▶ **Directions for this task**:
Only the lines from the one containing "For Sale: $695,000" through the end of the entries should be returned, exactly as they are, with the pictures omitted.

▶ **Raw data**:
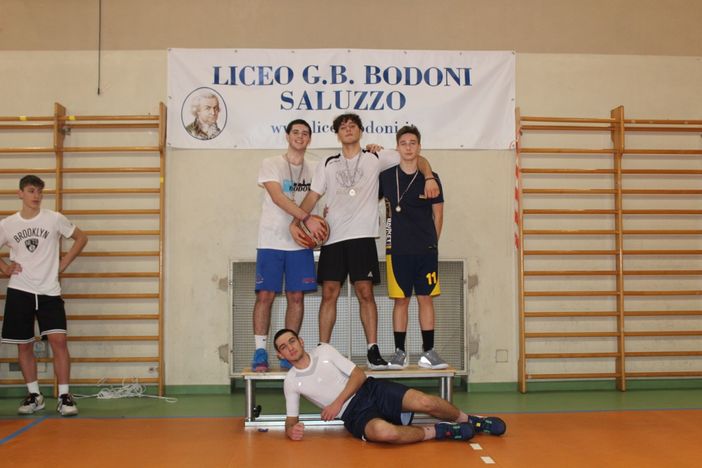 La squadra dei "Bellini Roci": in alto da sinistra Paolo Negri 3^B, Gianluca Caporgno 3^C e Adriano Giordano 3^S; a terra Leonardo Aresio 3^C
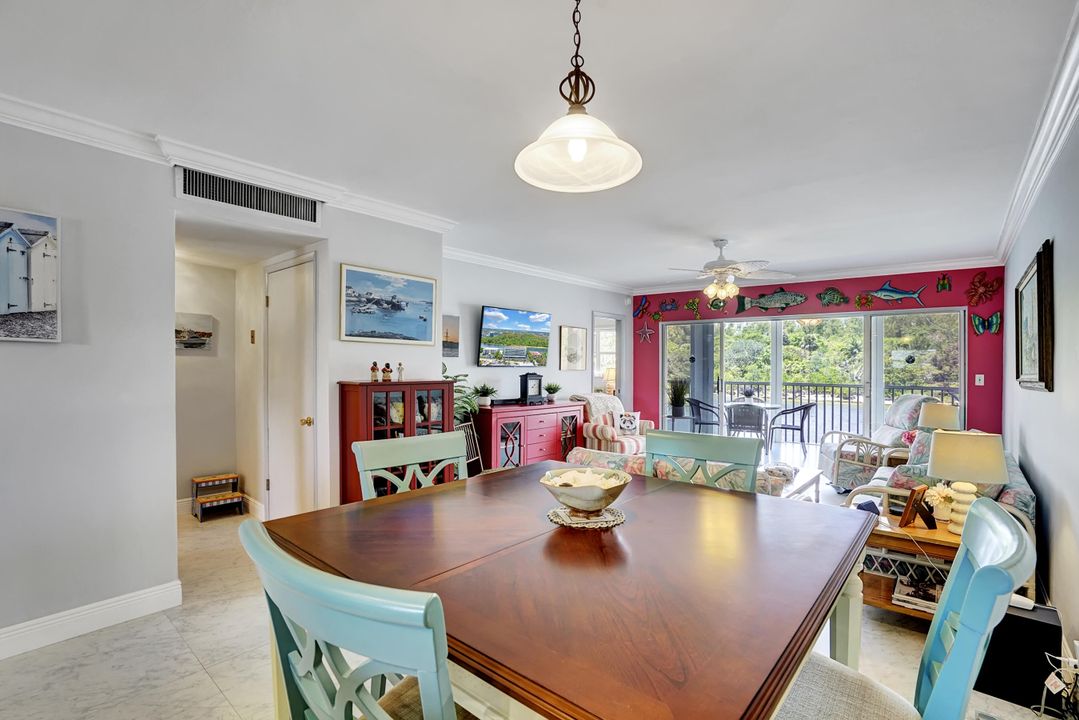 For Sale: $529,000 (2 beds, 2 baths, 970 Square Feet)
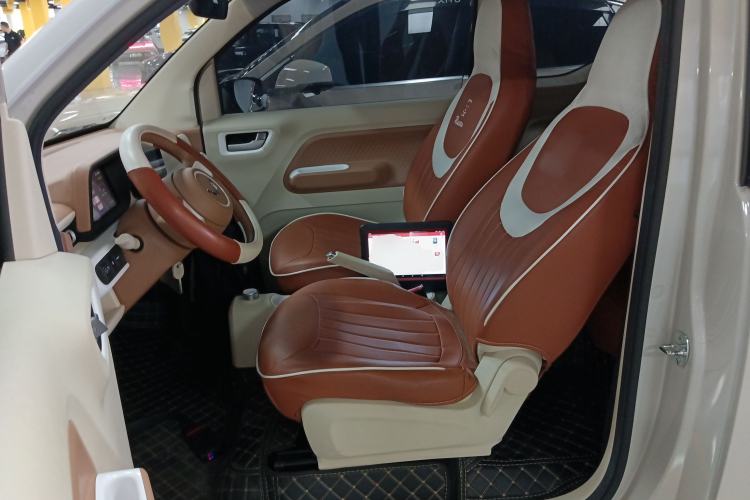 Used Wuling Hongguang MINIEV 2024 3rd Generation 215km Advanced Version Left Front Seat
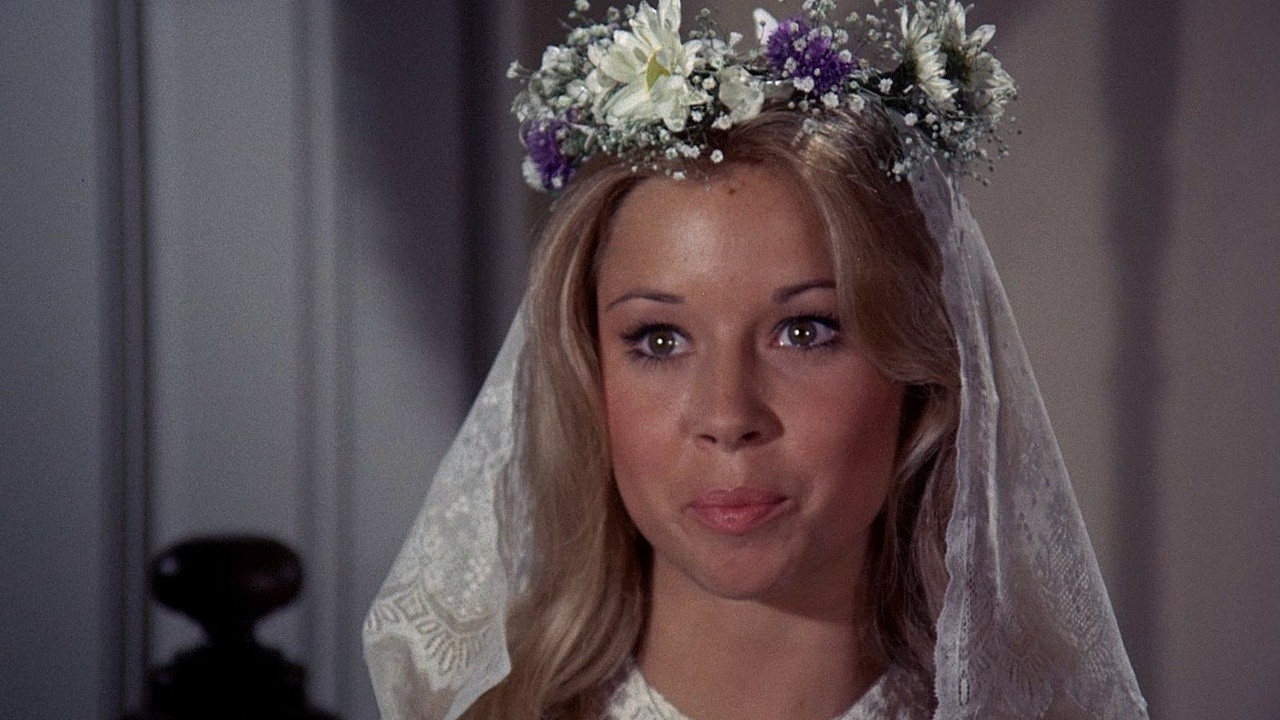 Gidget Gets Married
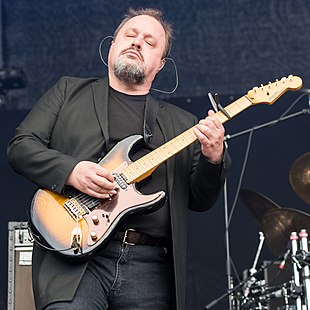 2016 Lieder am See - Marillion - Steve Rothery - by 2eight - 8SC2024.jpg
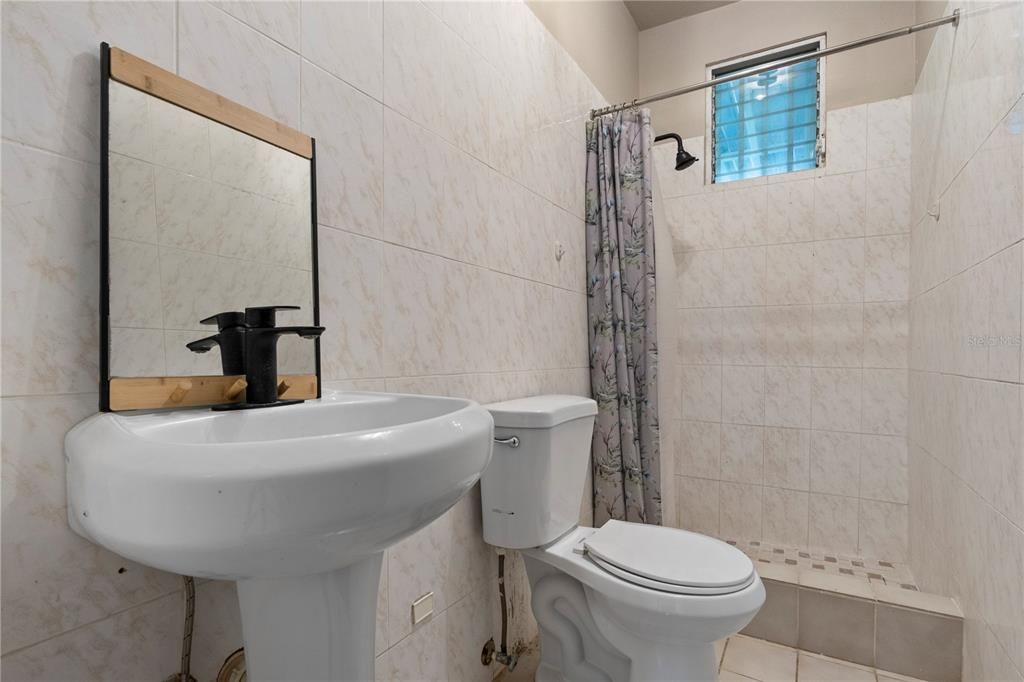 For Sale: $695,000 (5 beds, 4 baths, 2600 Square Feet)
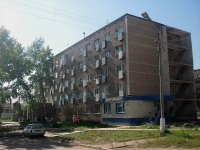 Братск, улица Комсомольская, дом 69. общежитие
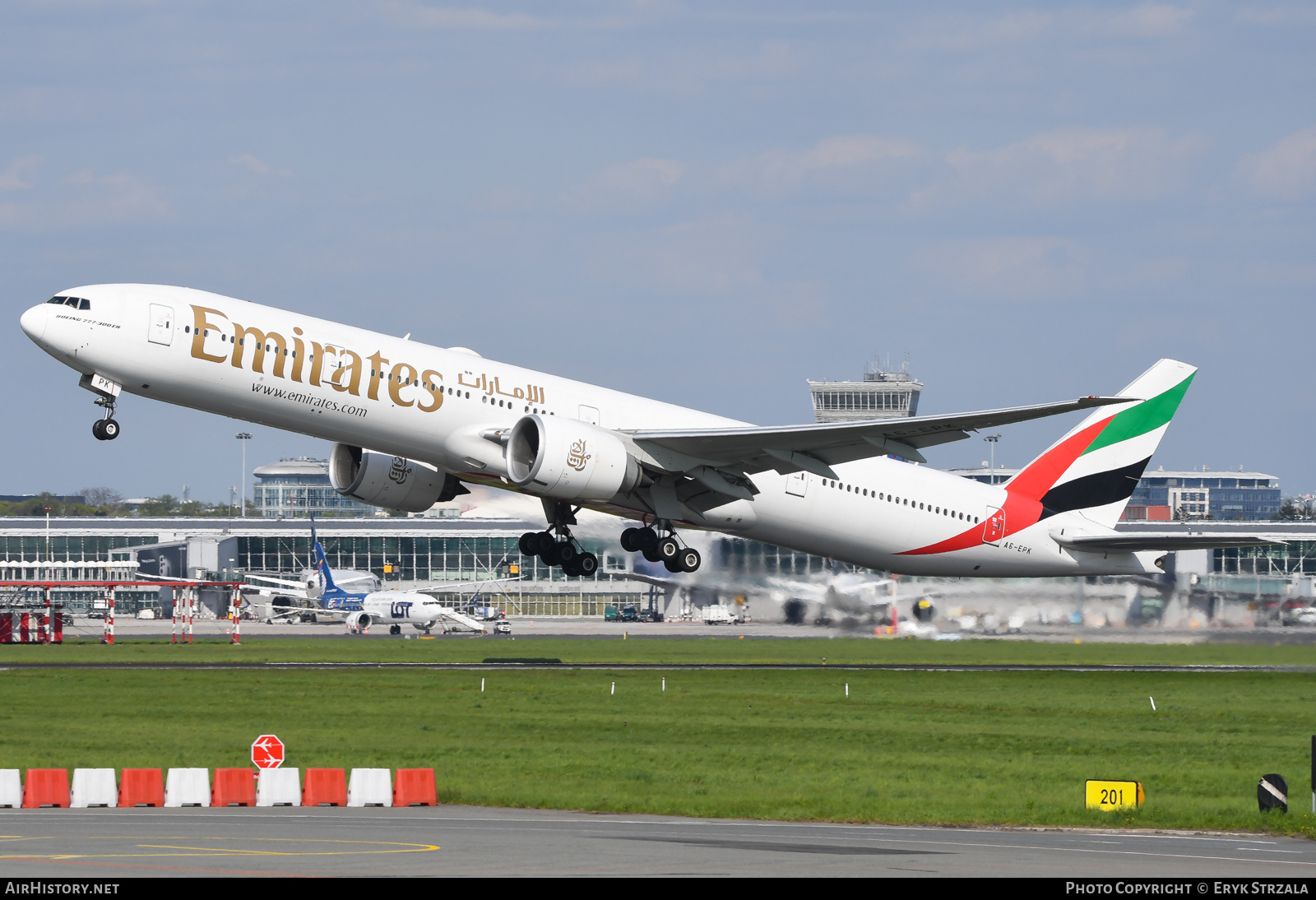Aircraft Photo of A6-EPK | Boeing 777-31H/ER | Emirates | AirHistory.net #568934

▶ **Your response**:
 For Sale: $695,000 (5 beds, 4 baths, 2600 Square Feet)
 Братск, улица Комсомольская, дом 69. общежитие
Aircraft Photo of A6-EPK | Boeing 777-31H/ER | Emirates | AirHistory.net #568934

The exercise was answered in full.